• What you have to do: Give back the lines below exactly, but do not include any pictures.

• Dataset extract:
┌────────

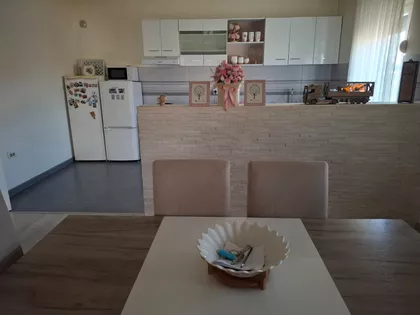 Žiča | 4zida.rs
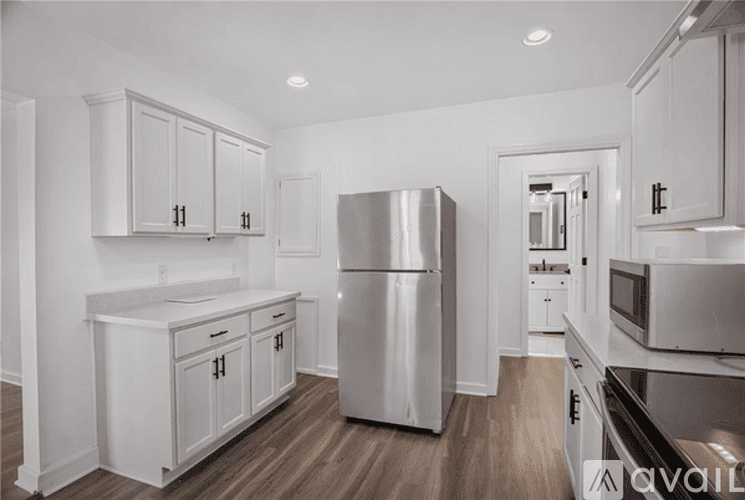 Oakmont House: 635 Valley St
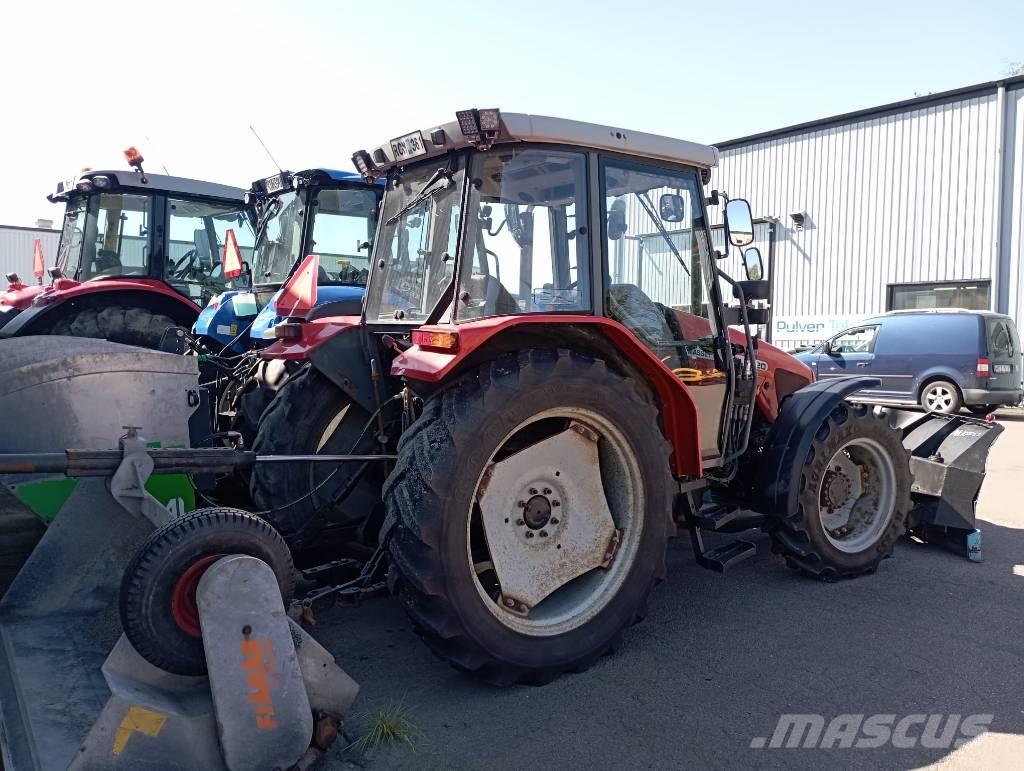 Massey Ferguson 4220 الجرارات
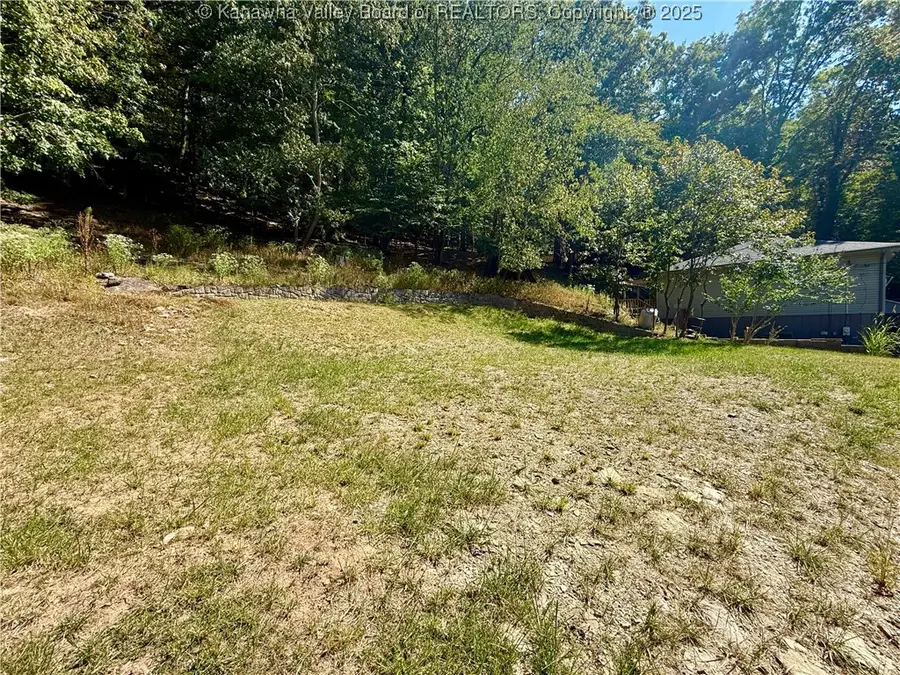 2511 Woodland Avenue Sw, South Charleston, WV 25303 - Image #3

└────────

• Answer:
 Žiča | 4zida.rs
 Oakmont House: 635 Valley St
 Massey Ferguson 4220 الجرارات
 2511 Woodland Avenue Sw, South Charleston, WV 25303 - Image #3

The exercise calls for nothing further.